These principles were documented and posted by Mozilla, and their QA team, but are taken for Nielsen, Norman, and are pretty damn timeliness.
Discovery – Users should be able to discover functionality and information by visually exploring the interface; they should not be forced to recall information from memory. [Source: Nielsen]
Perceived Affordance – Controls should visually express how the user should interact with them. [Source: Norman]
Natural Mapping – Controls should be placed in the correct location relative to the effect that they will have. [Source: Norman]
Visual Hierarchy – Controls that are more important or more commonly used should leverage visual variables such as size and contrast so that they have more dominance and weight relative to other controls.
Minimalism and Simplicity – Interfaces should be as simple as possible, both visually and interactively. Interfaces should avoid redundancy.

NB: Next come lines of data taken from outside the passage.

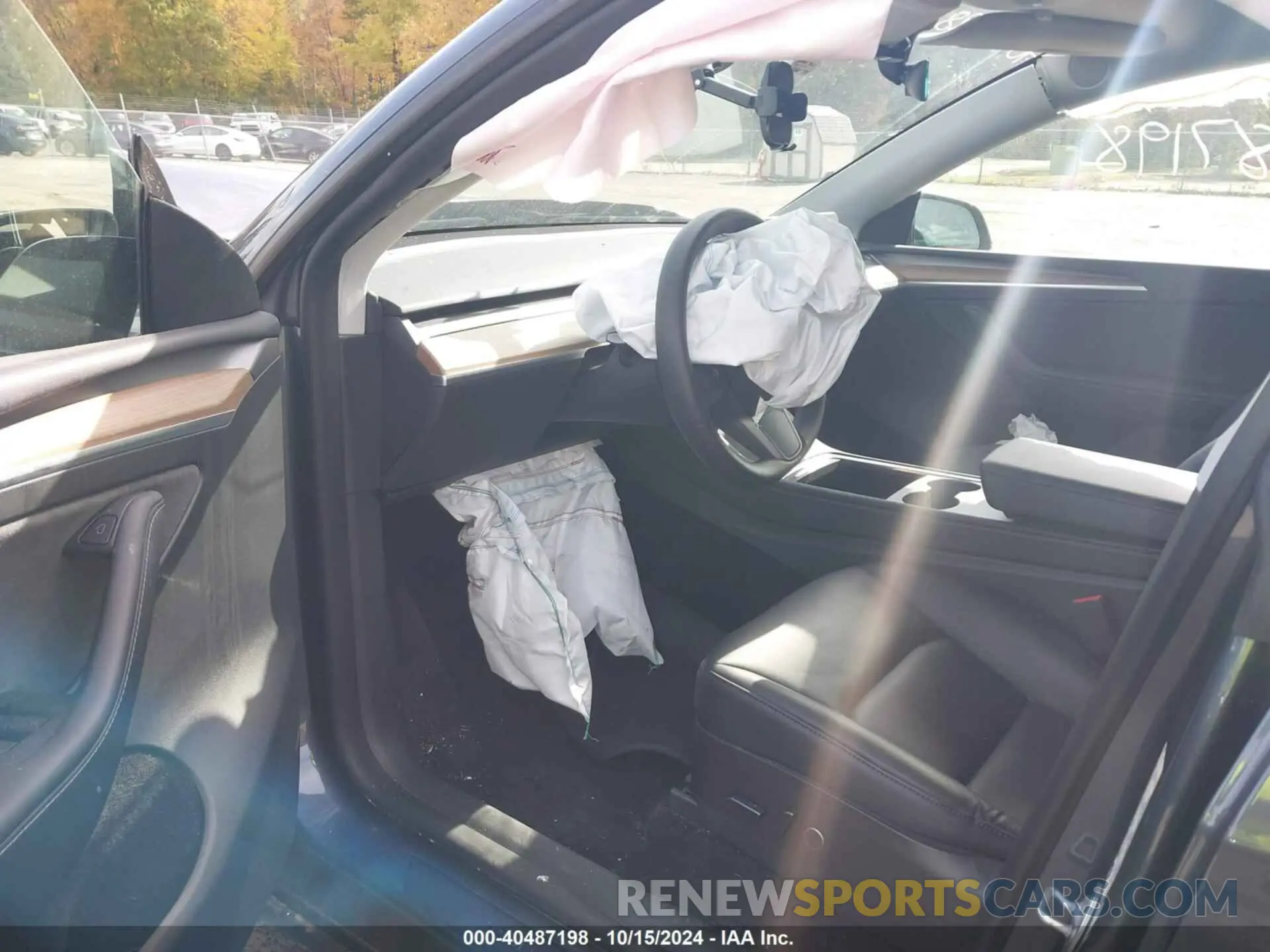 5 Photograph of a damaged car 7SAYGDEF9PF588806 TESLA MODEL Y 2023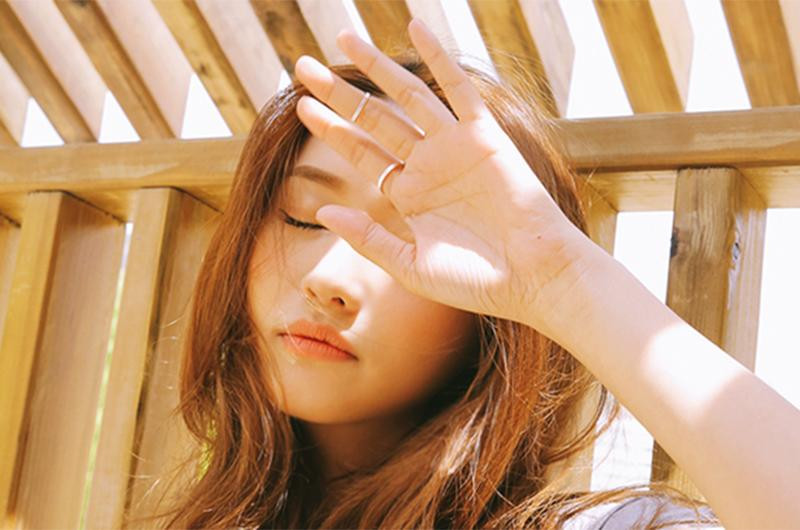 Nếu một người hoặc động vật tiếp xúc với ánh sáng mặt trời trong thời gian dài và tiếp xúc với tia cực tím, cholesterol của da sẽ bị oxy hóa tạo ra cholesterol a-oxide, một chất gây ung thư. Vitamin C và E có thể làm giảm việc sản xuất chất này, ngừa ung thư da.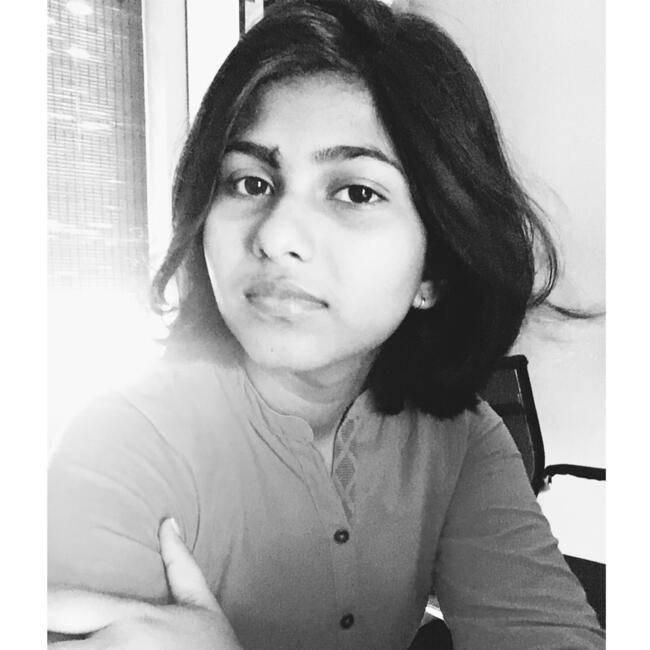 Babysitter in Milan: Shayari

User Feedback – Interfaces should provide feedback about their current status. Users should never wonder what state the system is in. [Source: Nielsen]
Consistency – All else being equal, software should be internally consistent with itself, and externally consistent with similar interfaces to leverage the user’s existing knowledge. [Source: Nielsen]

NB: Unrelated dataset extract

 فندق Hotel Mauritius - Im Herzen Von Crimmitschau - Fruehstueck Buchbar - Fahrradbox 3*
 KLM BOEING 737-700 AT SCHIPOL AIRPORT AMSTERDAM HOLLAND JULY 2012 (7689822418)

Task Efficiency – Interfaces should be as efficient as possible, minimizing the complexity of actions and the overall time to complete a task. [Source: Nielsen]

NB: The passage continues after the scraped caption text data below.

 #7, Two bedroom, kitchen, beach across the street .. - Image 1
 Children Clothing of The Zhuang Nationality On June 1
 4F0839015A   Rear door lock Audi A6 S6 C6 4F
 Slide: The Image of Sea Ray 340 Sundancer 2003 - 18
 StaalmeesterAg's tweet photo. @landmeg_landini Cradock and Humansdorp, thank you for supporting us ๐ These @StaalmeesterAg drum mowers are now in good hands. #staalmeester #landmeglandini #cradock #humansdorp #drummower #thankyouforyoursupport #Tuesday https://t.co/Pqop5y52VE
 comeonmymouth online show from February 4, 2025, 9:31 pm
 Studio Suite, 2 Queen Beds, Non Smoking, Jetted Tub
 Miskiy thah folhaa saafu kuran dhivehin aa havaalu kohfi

User Control – The software should not automate tasks contrary to the user’s intents.
Interruption – Interfaces should not interrupt the user. Interfaces should never ask the user a question that they are not prepared to answer simply for a false sense of control. In general, software should only speak when spoken to.
Error Prevention – Interfaces should proactively try to prevent errors from happening. [Source: Nielsen]
Undo – Actions should support undo so that users remain in control.
Mode Error – Users should not encounter errors because the interface is in a different state than they expected it to be.
Error Recovery – Interfaces should proactively help users recover from both user errors and technology errors. (A preferable case is to address through ux-error-prevention so that the error does not occur). [Source: Nielsen]
Implementation Level – Interfaces should not be organized around the underlying implementation and technology in ways that are illogical, or require the user to have access to additional information that is not found in the interface itself. [Source: Nielsen, Cooper]
Jargon – Users should not be required to understand complex language or implementation-level terminology. [Source: Nielsen]
Tone and Voice – Interfaces should not blame the user, or communicate in a way that is overly negative or dramatic.